Whilst scanning Pinterest one night I came across these cute boxes and I knew that my boys would love them. They were a little bit different to a standard box, so instantly they become a bit fun.
The original website I found them on was from a demo named Brigitte Keiling. You can check out here post here. Whilst it isn’t in English, it is really easy to follow. I adjusted the sizing of the boxes as I had a few specific items I wanted to fit in them.
I find the easiest way to adapt someone elses measurements to suit yourself is to draw them out. Once you mark on their score lines you can easily see the footprint of the box (Length x Width) and also see what height has been allowed for.

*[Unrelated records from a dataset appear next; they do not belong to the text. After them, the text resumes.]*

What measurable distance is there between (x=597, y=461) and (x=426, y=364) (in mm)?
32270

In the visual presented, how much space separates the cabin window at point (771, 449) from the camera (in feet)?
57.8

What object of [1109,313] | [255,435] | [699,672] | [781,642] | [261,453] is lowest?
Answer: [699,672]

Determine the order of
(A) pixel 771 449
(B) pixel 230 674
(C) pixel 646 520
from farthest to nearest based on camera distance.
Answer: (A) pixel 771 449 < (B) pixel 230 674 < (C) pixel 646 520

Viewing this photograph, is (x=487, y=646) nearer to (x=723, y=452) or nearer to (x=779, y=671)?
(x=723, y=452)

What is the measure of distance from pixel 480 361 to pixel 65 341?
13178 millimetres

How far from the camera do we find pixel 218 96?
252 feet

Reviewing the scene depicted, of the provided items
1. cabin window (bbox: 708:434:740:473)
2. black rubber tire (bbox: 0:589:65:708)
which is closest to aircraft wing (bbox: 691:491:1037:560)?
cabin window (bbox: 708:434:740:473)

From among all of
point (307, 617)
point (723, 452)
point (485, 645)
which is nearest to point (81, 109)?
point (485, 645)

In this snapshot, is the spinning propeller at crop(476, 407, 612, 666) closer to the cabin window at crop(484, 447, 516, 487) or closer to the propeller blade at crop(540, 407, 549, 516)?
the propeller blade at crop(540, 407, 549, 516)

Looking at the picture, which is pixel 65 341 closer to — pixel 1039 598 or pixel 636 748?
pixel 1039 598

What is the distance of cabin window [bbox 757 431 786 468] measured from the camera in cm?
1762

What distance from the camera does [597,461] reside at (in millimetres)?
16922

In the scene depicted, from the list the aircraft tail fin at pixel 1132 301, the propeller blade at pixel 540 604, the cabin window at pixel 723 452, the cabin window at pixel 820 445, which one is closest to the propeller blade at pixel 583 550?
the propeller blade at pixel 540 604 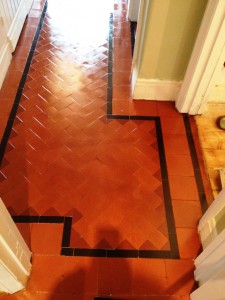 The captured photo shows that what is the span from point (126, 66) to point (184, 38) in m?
0.85

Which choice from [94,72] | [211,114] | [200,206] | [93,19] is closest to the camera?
[200,206]

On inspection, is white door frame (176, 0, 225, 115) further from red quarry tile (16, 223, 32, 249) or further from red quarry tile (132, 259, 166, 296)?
red quarry tile (16, 223, 32, 249)

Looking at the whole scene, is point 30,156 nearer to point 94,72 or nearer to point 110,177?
point 110,177

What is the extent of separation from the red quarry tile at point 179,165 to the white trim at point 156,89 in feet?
2.05

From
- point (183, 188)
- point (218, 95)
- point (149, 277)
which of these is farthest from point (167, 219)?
point (218, 95)

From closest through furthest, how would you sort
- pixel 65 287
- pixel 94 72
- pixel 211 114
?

Replace the measurements with your needs and add everything up.
For example in the original white box base, Brigitte starts with a pieces that is 12cm x 16cm and she scores it at 1.5cm and 4cm on all sides. When you draw this (forget about the bits you cut away for now) you can visualise that the base ends up being 4cm x 8cm, the height is 2.5cm and there is a 1.5cm ‘flap’ that folds down onto the wides. For my box I was happy with a height of 2.5cm, but the box base needed to be 7cm x 10.5cm. Therefore my cardstock starts at a size 18.5cm x 15cm.
Apart from the sizing, I followed Brigitte’s instruction and templates for cutting and constructing, using a whisper white base and basic black lid.
The tops were decorated using a stitched square cut from the bat paper in the Toil & Trouble DSP pack, a stitched oval in Daffodil Delight, a bat punched out using the Spooky Bat punch, and then a die cut letter (L for Lachie, R for Ronan), also in daffodil delight.
Don’t forget, when decorating the lids only stick your decorations and embellishments to the top sitting flap – not both! Else you will not be able to open your box.
I am not sure yet what surprises I will fill their boxes with, but no doubt it will be something they will love.